Question

What must be the radius of curvature of a concave mirror to form an image of the Sun $1$ inch in diameter. The diameter of the sun is $\dfrac{1}{{100}}$ its distance from earth.

Answer 1

First we need to form a relation between distance of the sun from the mirror, distance of the image from the mirror with the relation given in the question. Then using the mirror formula to find the focal length of the mirror. Now using the focal length and radius of the curvature formula we can solve this problem. Where $\left( {R = 2f} \right)$.

Complete step by step answer:
As per the problem we have to find the radius of curvature of a concave mirror that forms an image of the Sun which is $1$ inch in diameter.
The given condition is that,
The diameter of sun = $\dfrac{1}{{100}}$ its distance from the Earth
The diameter of sun = $\dfrac{1}{{100}} \times u$
Let us assume the focal length of the concave mirror be = f
Distance to sun from earth (Mirror) = u
Distance to the image of the sun from the mirror = v.
We know the mirror formula using the above parameter as,
$\dfrac{1}{f} = \dfrac{1}{u} + \dfrac{1}{v}$
We also know,
$\dfrac{u}{v} = \dfrac{{{\text{diameter}}\,\,{\text{of}}\,\,{\text{Sun}}}}{{{\text{diameter}}\,\,{\text{of}}\,\,{\text{the}}\,\,{\text{image}}}}$
Now on putting the value we will get,
$\dfrac{u}{v} = \dfrac{{\dfrac{u}{{100}}}}{{\text{1}}}$
Hence,
$\dfrac{u}{v} = \dfrac{u}{{100}}$
Now using mirror formula we will get,
$\dfrac{1}{f} = \dfrac{1}{u} + \dfrac{1}{v}$
Multiplying $u$ on both the sides we will get,
$\dfrac{u}{f} = \dfrac{u}{u} + \dfrac{u}{v}$
$\dfrac{u}{f} = 1 + \dfrac{u}{v}$
Now we know the value $\dfrac{u}{v} = \dfrac{u}{{100}}$,
$\dfrac{u}{f} = 1 + \dfrac{u}{{100}}$
Taking RHS $u$ to other side we will get,
$\dfrac{1}{f} = \dfrac{1}{u} + \dfrac{1}{{100}}$
As $u$ is measured in inches and the value is very large then we can neglect $\dfrac{1}{u}$.
Hence the focal length of the concave mirror is equals to,
$f = 100\,inches$
Now we know the,
Radius of curvature is two time that of its focal length of a mirror
$R = 2f$
Hence,
$R = 2 \times 100\,inches = 200\,inches$.

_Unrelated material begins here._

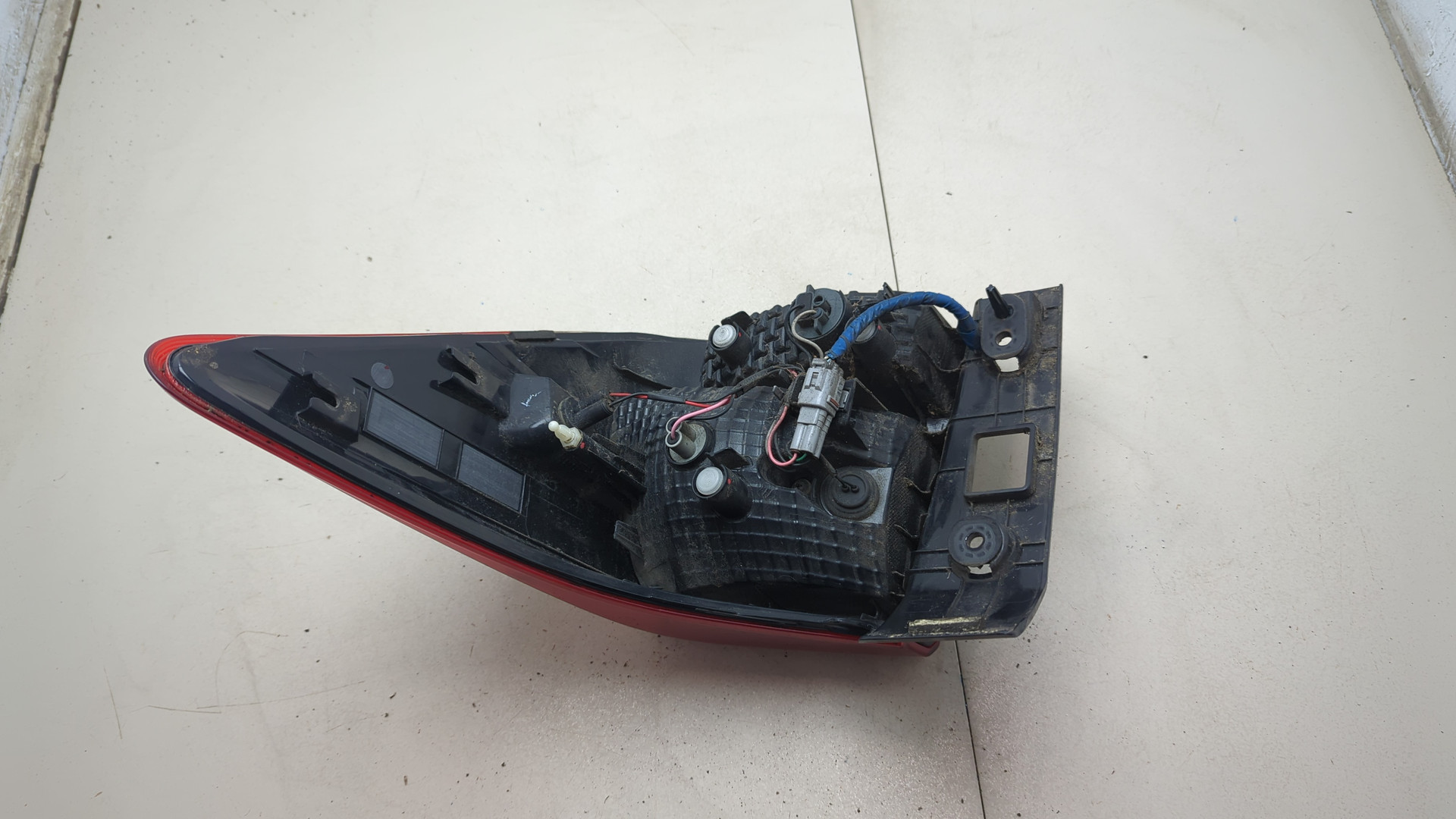 Фонарь задний левый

Note: We neglected the $\dfrac{1}{u}$ value in the above equation because $u$ is very large and when larger values are inverse then it becomes very small that it is neglected in this type of equation. Remember that radius of curvature of a concave mirror is the radius of an imaginary hollow sphere of which concave mirror is a part and the focal length is defined as the distance of the point from the center at which all the parallel rays are covered after reflection.